Short text fragments from websites:
= = = =
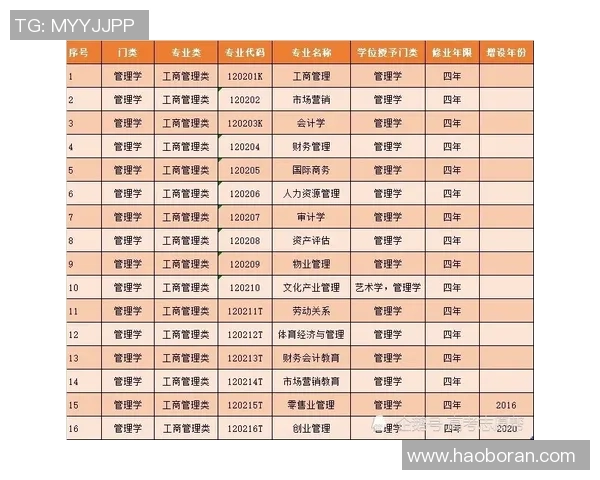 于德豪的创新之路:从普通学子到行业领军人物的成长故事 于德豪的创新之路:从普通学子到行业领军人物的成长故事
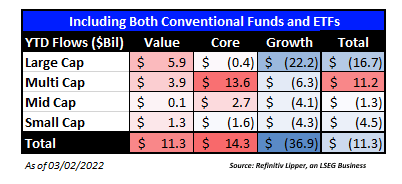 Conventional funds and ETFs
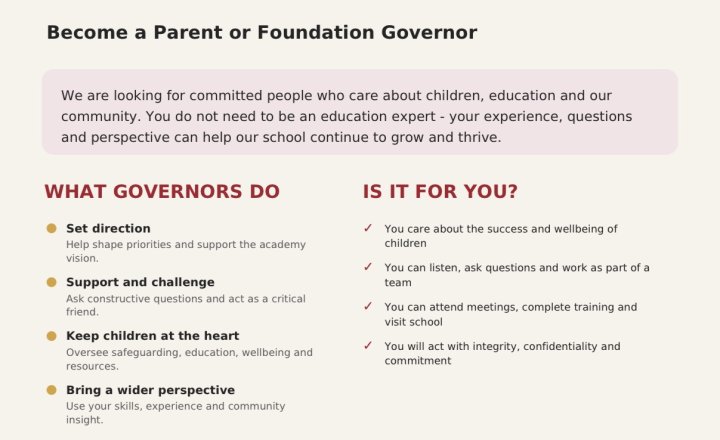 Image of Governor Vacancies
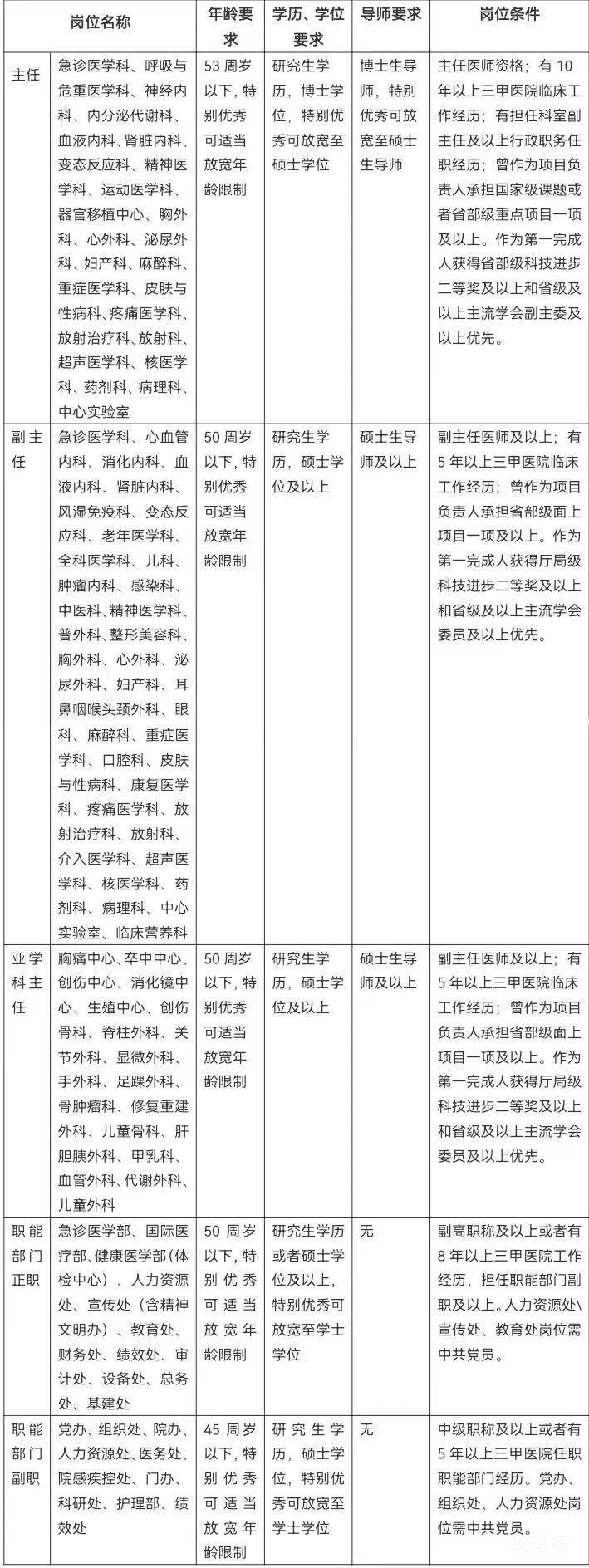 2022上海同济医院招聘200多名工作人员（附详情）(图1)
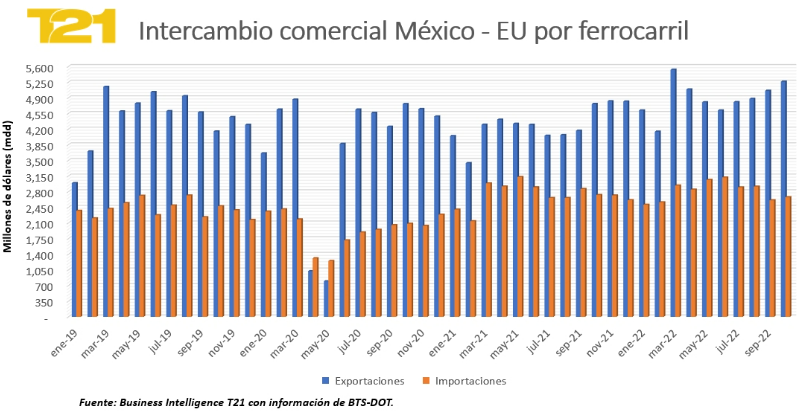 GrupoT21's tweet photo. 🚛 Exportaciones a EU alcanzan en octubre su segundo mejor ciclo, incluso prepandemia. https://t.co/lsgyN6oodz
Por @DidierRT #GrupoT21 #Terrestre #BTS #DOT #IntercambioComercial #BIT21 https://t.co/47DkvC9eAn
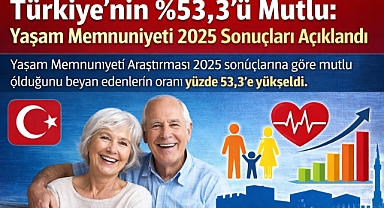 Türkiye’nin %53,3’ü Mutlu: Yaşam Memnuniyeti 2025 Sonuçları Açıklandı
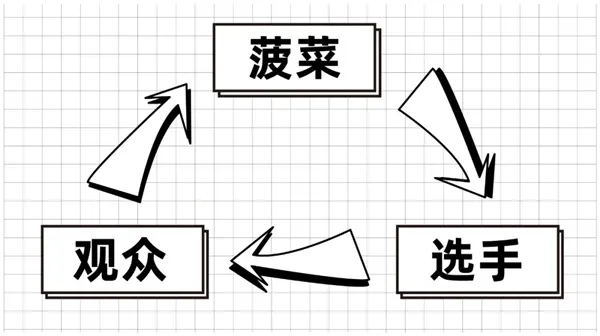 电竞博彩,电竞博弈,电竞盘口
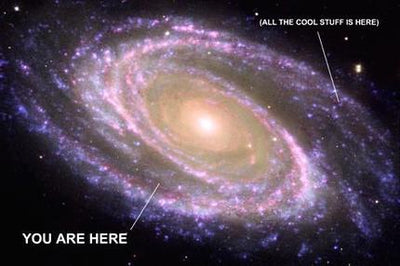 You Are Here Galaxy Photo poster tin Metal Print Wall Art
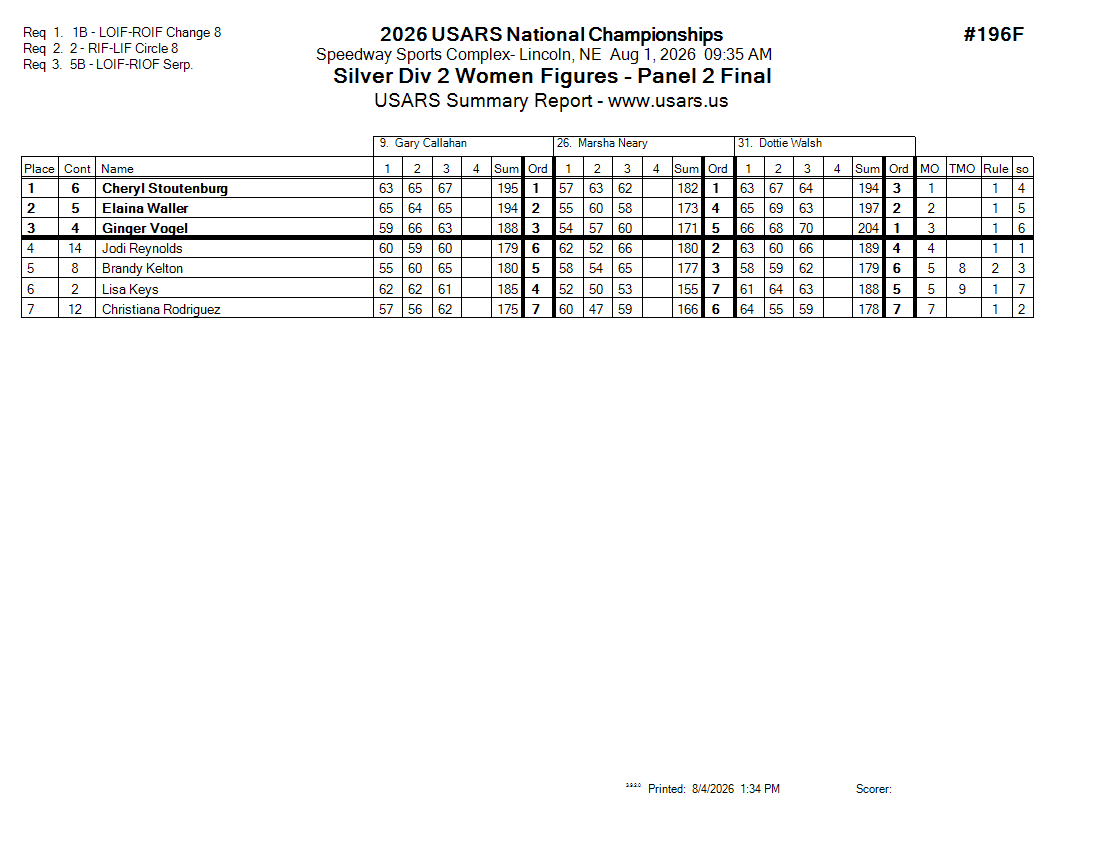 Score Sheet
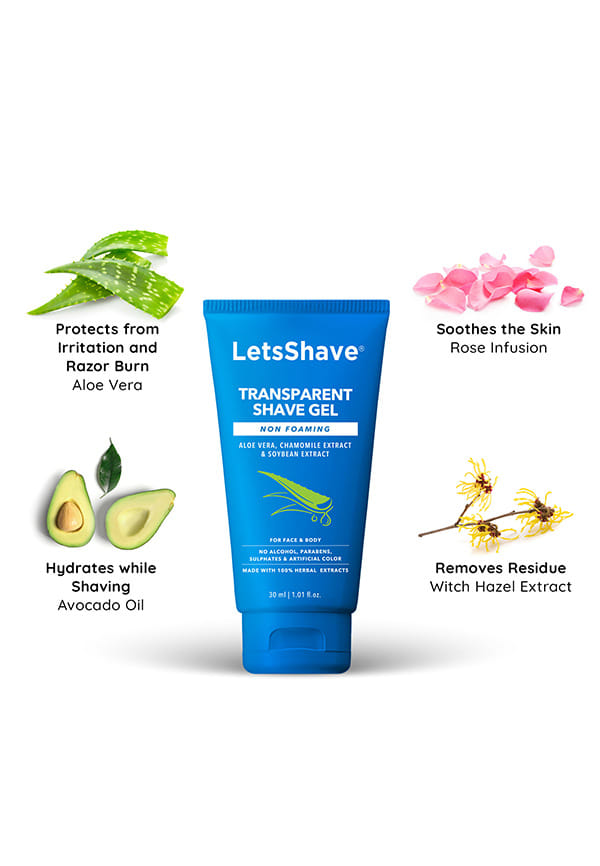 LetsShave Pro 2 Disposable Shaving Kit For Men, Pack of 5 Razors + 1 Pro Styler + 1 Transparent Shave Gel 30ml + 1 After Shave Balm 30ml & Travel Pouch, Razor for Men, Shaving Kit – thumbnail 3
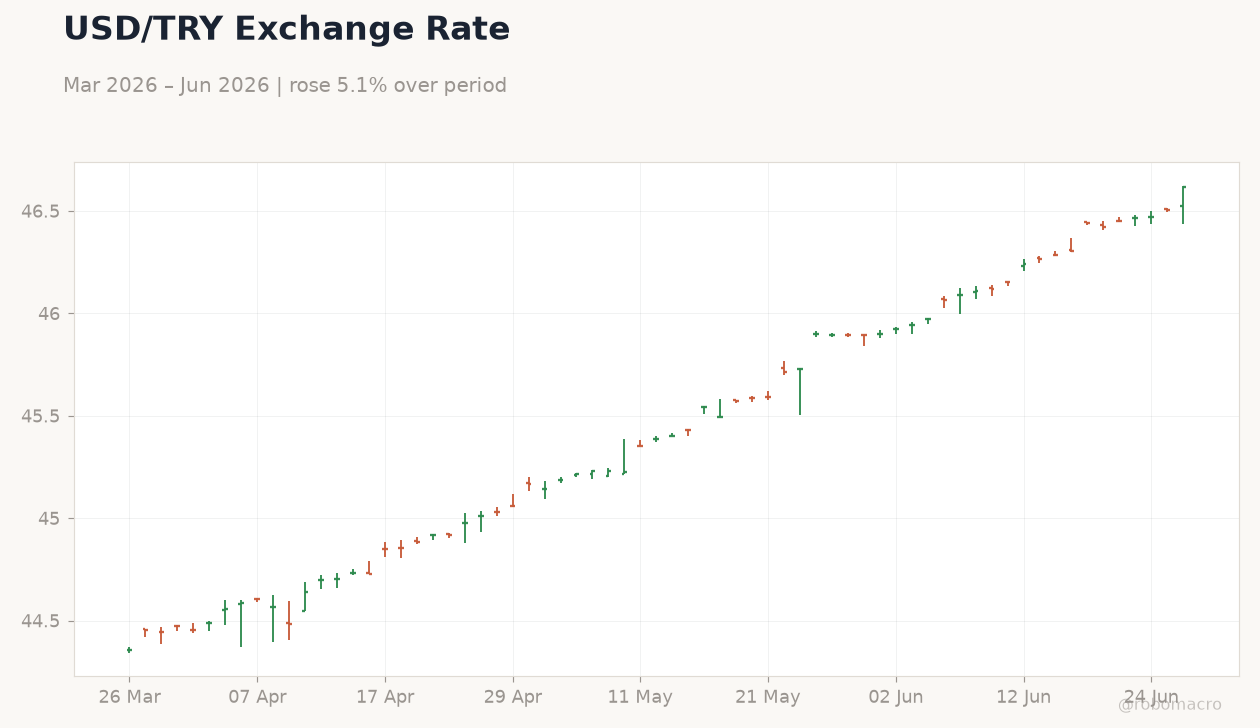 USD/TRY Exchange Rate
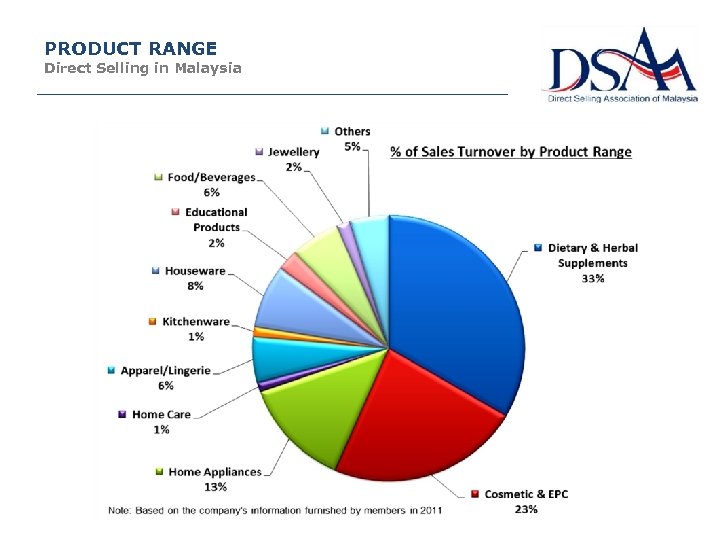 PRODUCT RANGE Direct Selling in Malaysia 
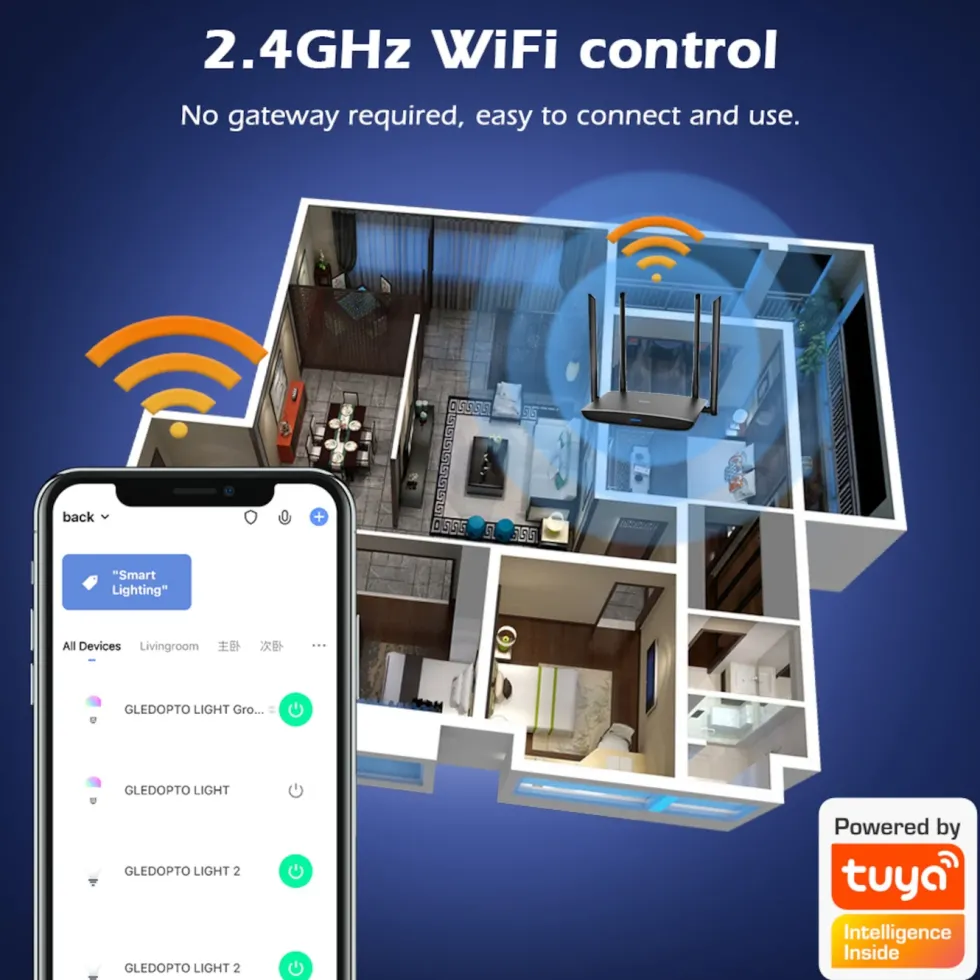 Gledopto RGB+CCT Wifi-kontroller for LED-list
= = = =
* _Task goal_:
From the line with "电竞博彩,电竞博弈,电竞盘口" to the final line of the entries above, reproduce each line exactly and nothing else; the pictures stay out.

* _Answer to this problem_:
 电竞博彩,电竞博弈,电竞盘口
 You Are Here Galaxy Photo poster tin Metal Print Wall Art
 Score Sheet
 LetsShave Pro 2 Disposable Shaving Kit For Men, Pack of 5 Razors + 1 Pro Styler + 1 Transparent Shave Gel 30ml + 1 After Shave Balm 30ml & Travel Pouch, Razor for Men, Shaving Kit – thumbnail 3
 USD/TRY Exchange Rate
 PRODUCT RANGE Direct Selling in Malaysia 
 Gledopto RGB+CCT Wifi-kontroller for LED-list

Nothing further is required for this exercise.